Movies like this live and die by how good their villains are more than their heroes—which is one of the main reasons the first film is so bad. Hechinger and Quinn get far less screen time than Phoenix did, thank the Gods, but they do a little bit more with what they get. How good they are is of little matter since the real villain, and perhaps the true hero of Gladiator II, is Denzel Washington. He plays Macrinus, a former slave turned gladiator trainer and arms dealer who plans to one day control Rome. I had no idea who Washington would play in this picture, but I certainly wasn't expecting this. His Macrinus is as if Peter Ustinov's Batiatus from Spartacus was not only the sardonic scene-stealing comic relief but also a movie-stealing, empire-stealing master manipulator miscreant.

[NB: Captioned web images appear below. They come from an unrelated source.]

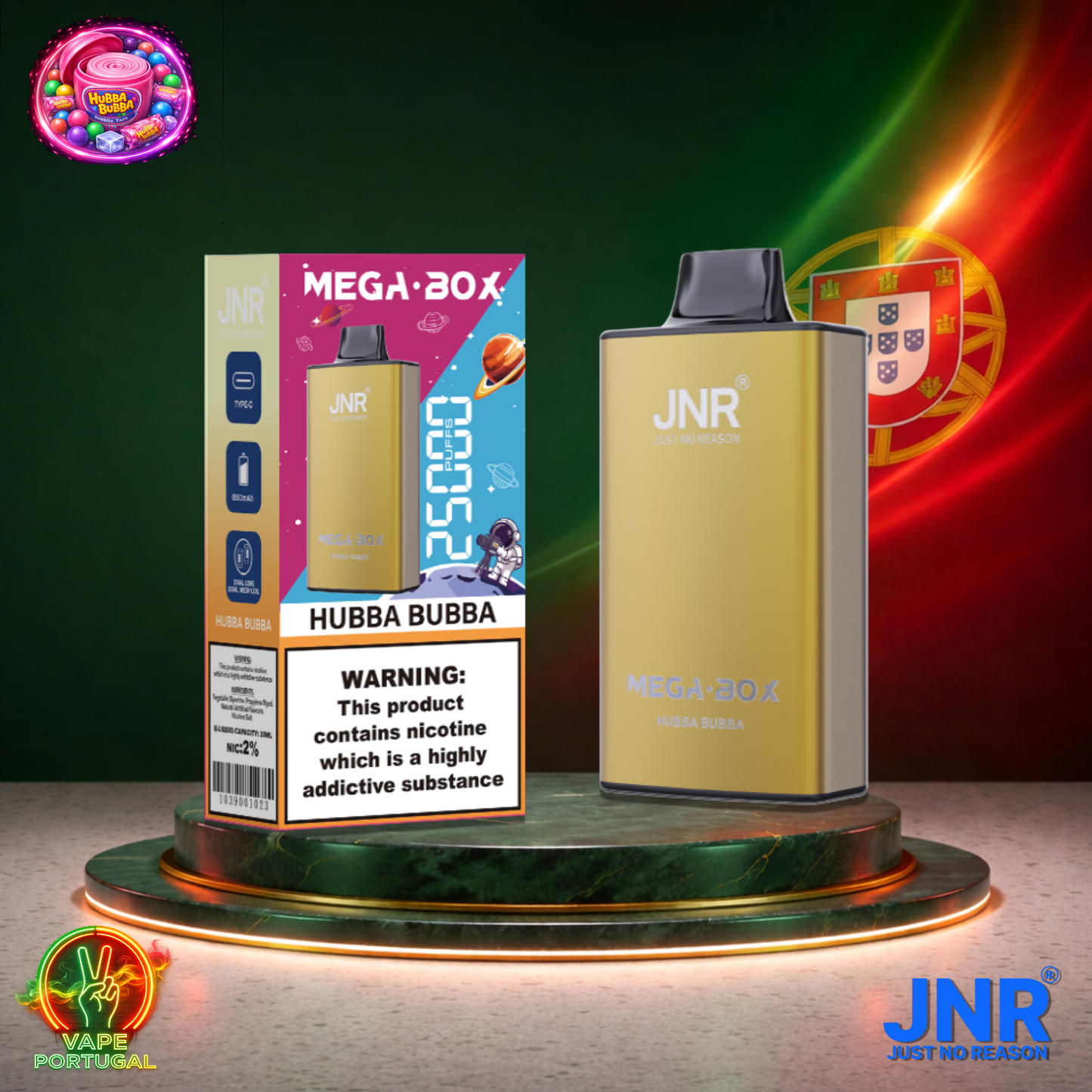 Vape descartável JNR Mega Box 25K sabor Hubba Bubba 25000 puffs 25K tragadas mais barato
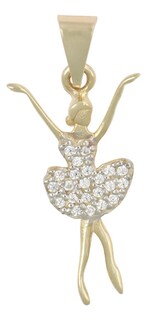 Foto 1 | Dije En Figura De Bailarina Con Zirconias, En Oro De 10k 1.1 Grm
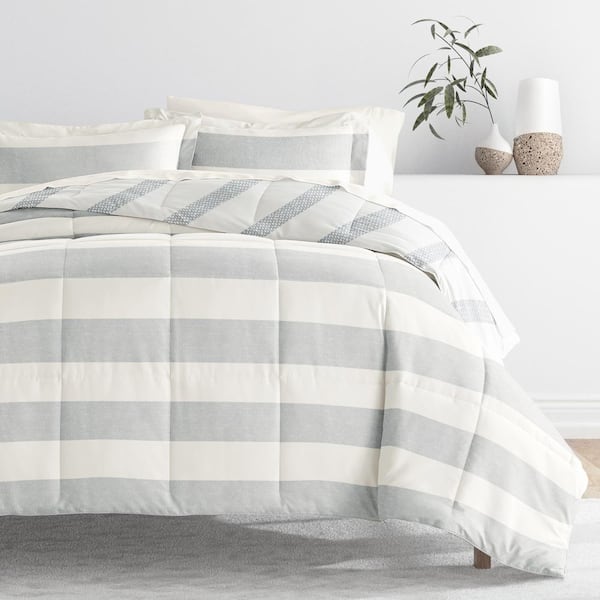 Becky Cameron 7-Piece Distressed Stripe Light Blue Pattern Comforter Queen Microfiber Bedding Bundle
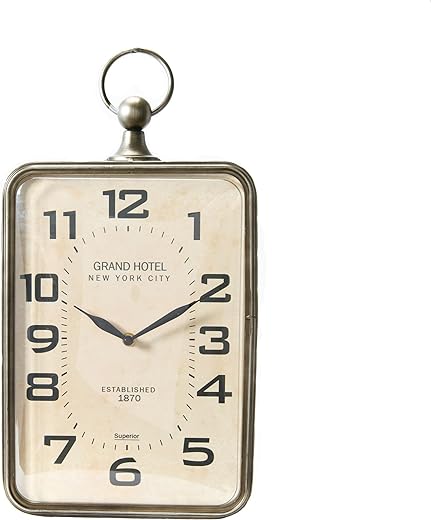 Creative Co-Op Metal Rectangle Hanging Clock with Handle Decoration on Top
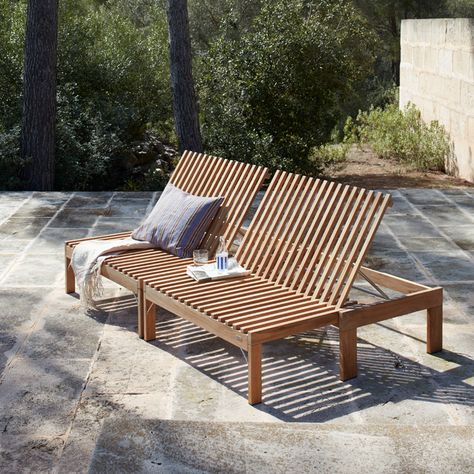 Riviera Lounge showcases the qualities of FSC-certified solid teak through a sophisticated slatted design. Left untreated, the surface will patinate over time and eventually turn a beautiful silvery grey. Optional cushion available in solid or striped colorways.

#interiordesign #architecture  #contemporary #luxuryfurniture #highendfurniture #iotw #luxuryfurnishings #MCM #mcmfurniture  #madeindenmark #outdoorfurniture #contemporaryoutdoor #fritzhansen #skagerak #outdoorloungechair #sunbed Chair And Table, Outdoor Table Lamps, The Lounge, Furniture Trends, Fritz Hansen, Lounge Seating, A Chair, Outdoor Design, Outdoor Lounge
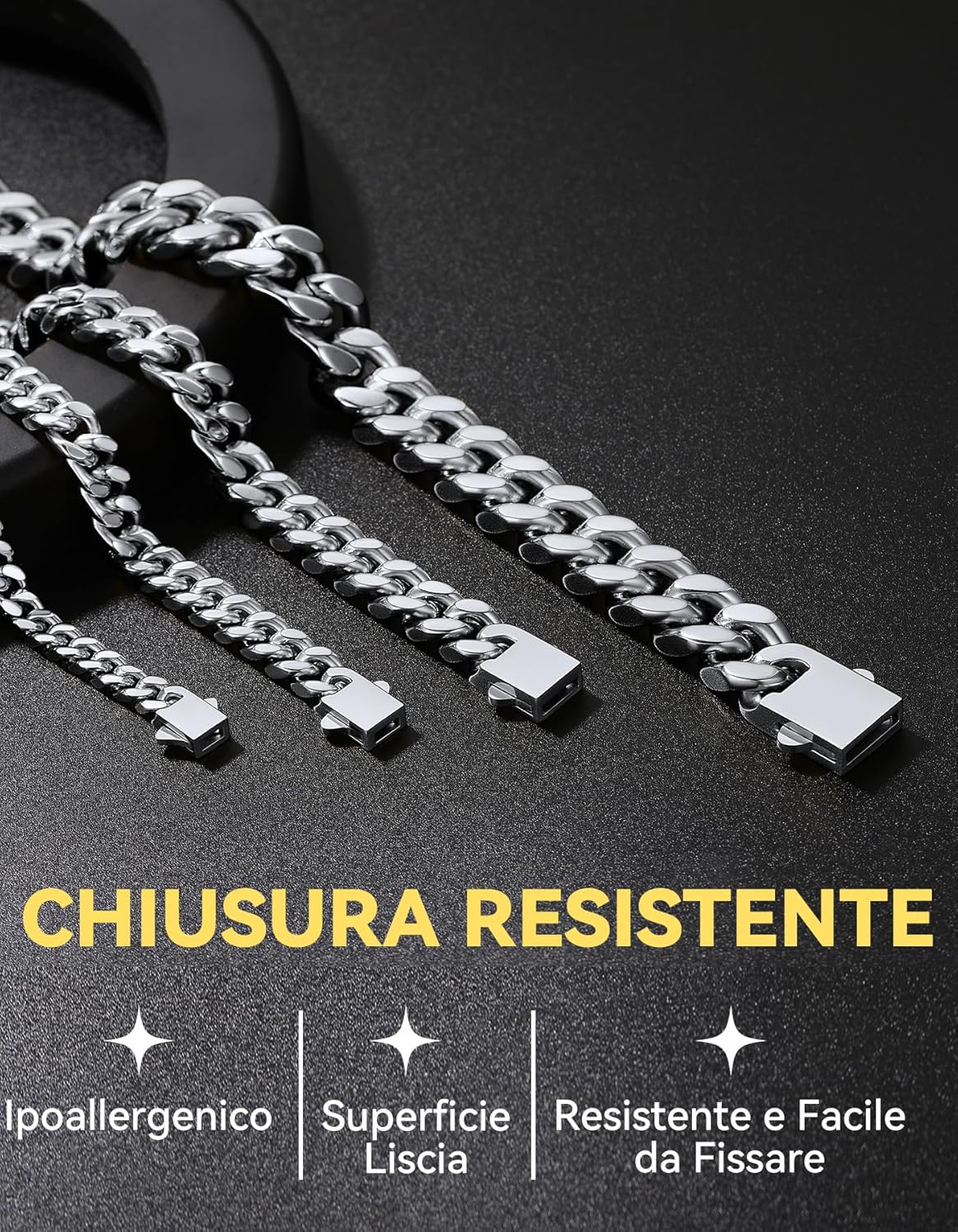 Detalle de ChainsHouse Collana Uomo Acciaio a Catena Cubana Spessa – 5/7/9/12 mm, 46–76 cm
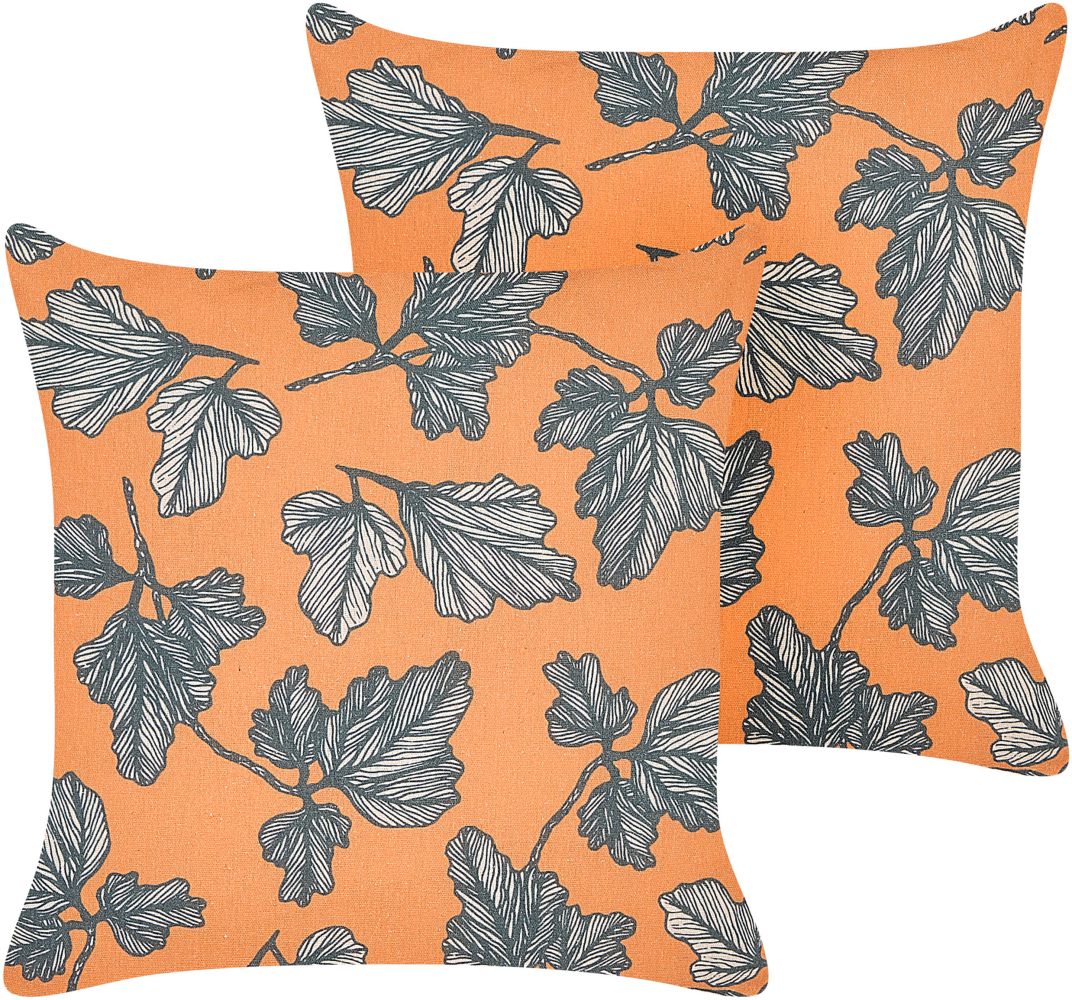 Kissen 2er Set SPIREA 45 x 45 cm Pflanzenmuster Orange Schwarz Bild 1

It actually serves the picture that most of the main characters are somewhat poorly cast, as this not only enables Washington to run away with the movie, it keeps the narrative from feeling predictable. I found myself intrigued with where this story was going to go, as it seemed like it wasn't really the traditional tale of a "chosen one" fated to lead his people to victory or of a gifted young man from a simple background who turns out to be of royal descent and fated to lead his people to victory. The focus keeps shifting from character to character, making none of them seem like the actual protagonist. This may not be great storytelling, and this movie is still filled with bad CGI and silly, who-gives-a-fuck-about-histrical-accurcy choices, but I was entertained.
While still full of intentional anachronisms, cheesy CGI, and questionable casting, Ridley Scott's sequel to one the worst piece of crap to ever win the Best Picture Oscar is a pretty entertaining sword-and-sandal epic.